Ultimately, though, libertarians should not court the right for practical and moral reasons. In practical terms, the libertarian-conservative alliance has been a complete failure. When libertarian candidates run for office within the GOP, they rarely get any support. In the last three presidential primaries, we’ve seen libertarian candidates run in the GOP and they have all failed miserably. Simply put, Republican voters have consistently rejected libertarians at almost every opportunity.

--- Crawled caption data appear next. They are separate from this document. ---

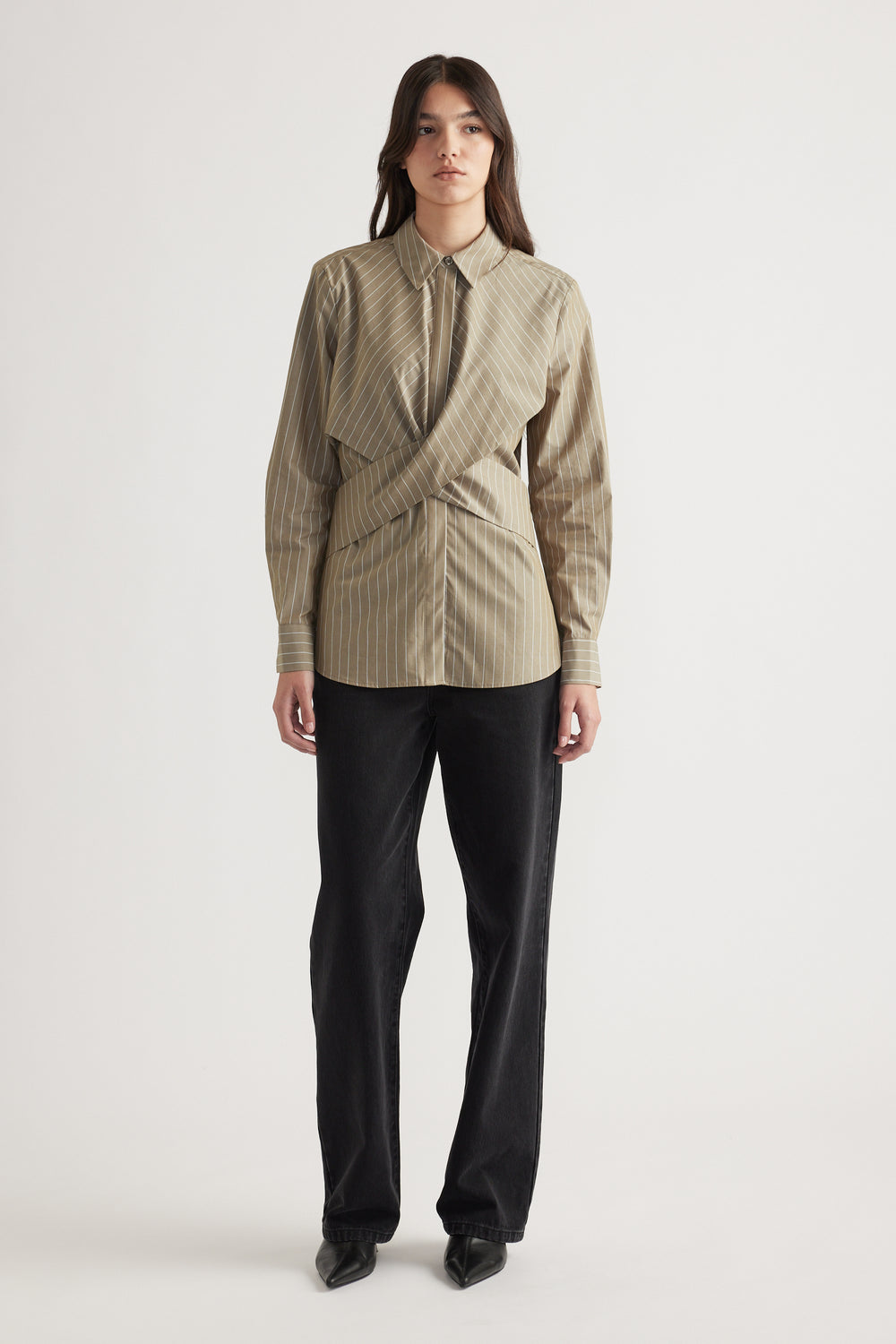 Woman wearing a striped beige button-up shirt with a unique wrap detail, paired with straight black pants and pointed shoes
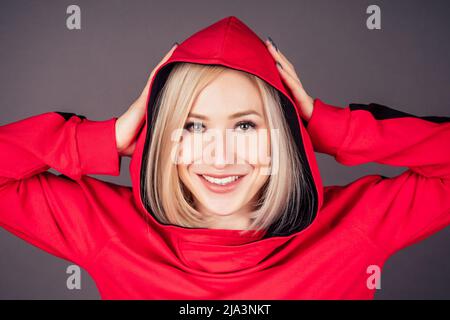 portrait d'une belle femme blonde peau parfaite et maquillage mettre sur la capuche sweat-shirt rouge survêtement sport costume hip hop danseuse en studio sur noir Banque D'Images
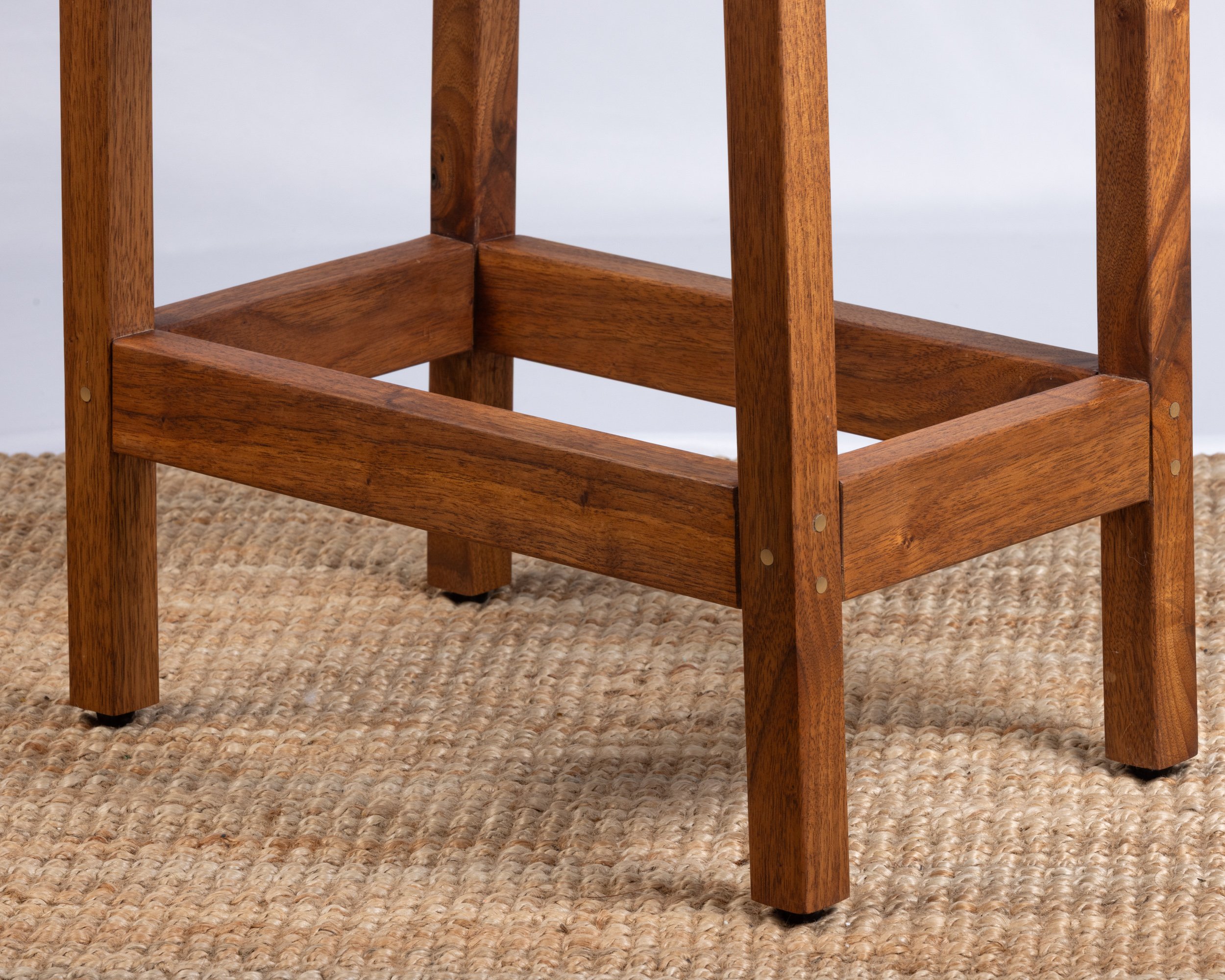 Close-up of a wooden table leg and shelf frame.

There is also policy. Except for the economic deregulation of the late 70s and early 80s, the conservative movement has sided against libertarians. Conservatives have supported nearly every single war in decades, they have sided with the expansion of police powers, they have sided with the war on drugs, they have stood for deportations of non-violent migrants, they have sided against women, minorities, and queer people when they have asked for civility and enforcement of rights, and they have sided with the massive expansion of the surveillance state after 9/11. How these stances emerge from a deep respect for individual people is beyond my ken. Whatever has been gained by the alliance of conservatives and libertarian is so paltry in stature that it requires a magnifying lens to observe.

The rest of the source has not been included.